Uyanma ise, kişinin anlam deryâsı (denizi) ile irtibat (bağ) kurması ve artık o deryâdan beslenmesi (yorulunca tekrar uyuması ama uyanınca) bunun “bilincinde/şuurunda” olmasıdır.

Uyanmak, içimizdeki ateşi yakmaksa, Hz. Mûsâ’nın Tûr’da gördüğü ateşi, dışarıda mı aramalıyız?!.

Ölüm uykusu, artık o ateşin yakılamaması, uyanamamak, değil midir?

Ayakta uyumak, zâhiren uyanık görünüp olup-bitenin farkında olmamak (dışardan uyanık/canlı görünüp içeride uykuda/ölü olmak) değil midir?!.

Anlam, Ruhtur.
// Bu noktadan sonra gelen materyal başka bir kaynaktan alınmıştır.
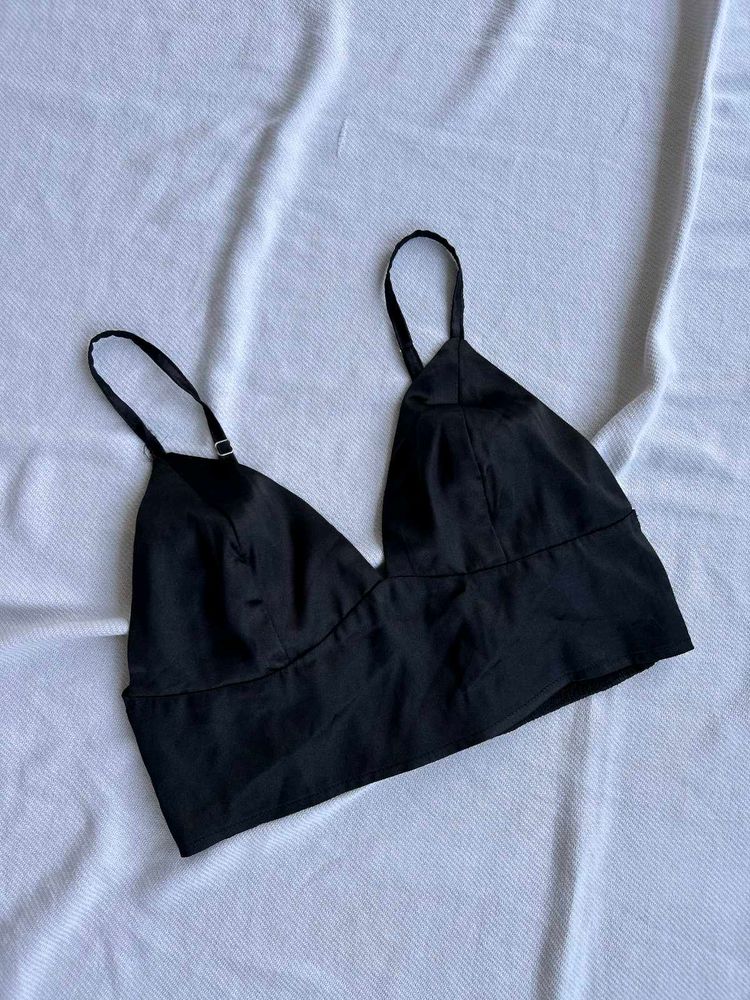 Black Satin Bralette Top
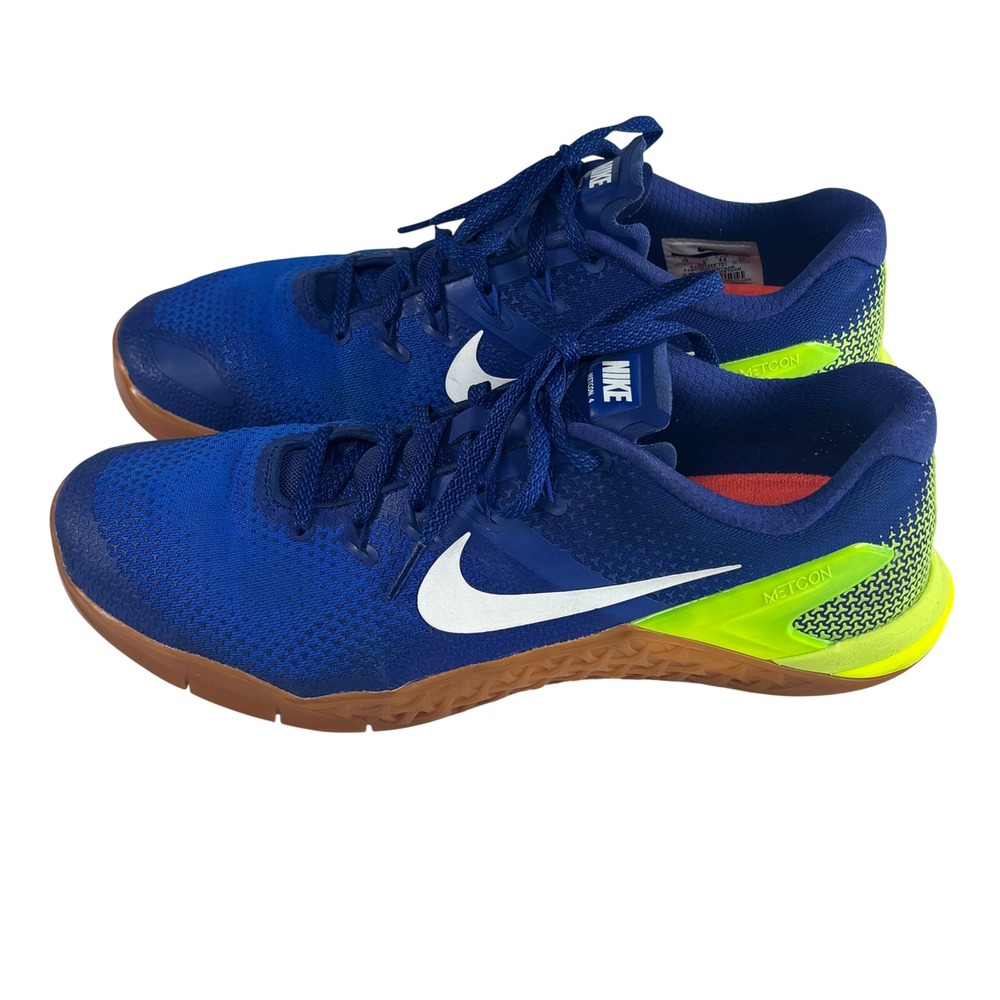 Nike Metcon 4 Mens Sz 10 Blue Volt Training Shoes Gum Sole Gym Running Crossfit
O Ruh herkese üflenmiştir ama çoğu insan o Ruhun ateşini söndürmüş, söndürmese bile o ateşi oldukça zayıflatmış ve ortalıkta “ruh gibi” dolaşmaktadır. (İkinci ruh –ruh gibi dolaşmak--, hiçbir şeyin farkında olmamak, bilinçsizlik anlamındadır. Bu ruhun ilk ruhla bir alâkası yoktur; sadece ses ve harf benzerliği vardır. Bu da her sesin = lafzın mânâ/anlam ile aynı olmadığına işarettir.)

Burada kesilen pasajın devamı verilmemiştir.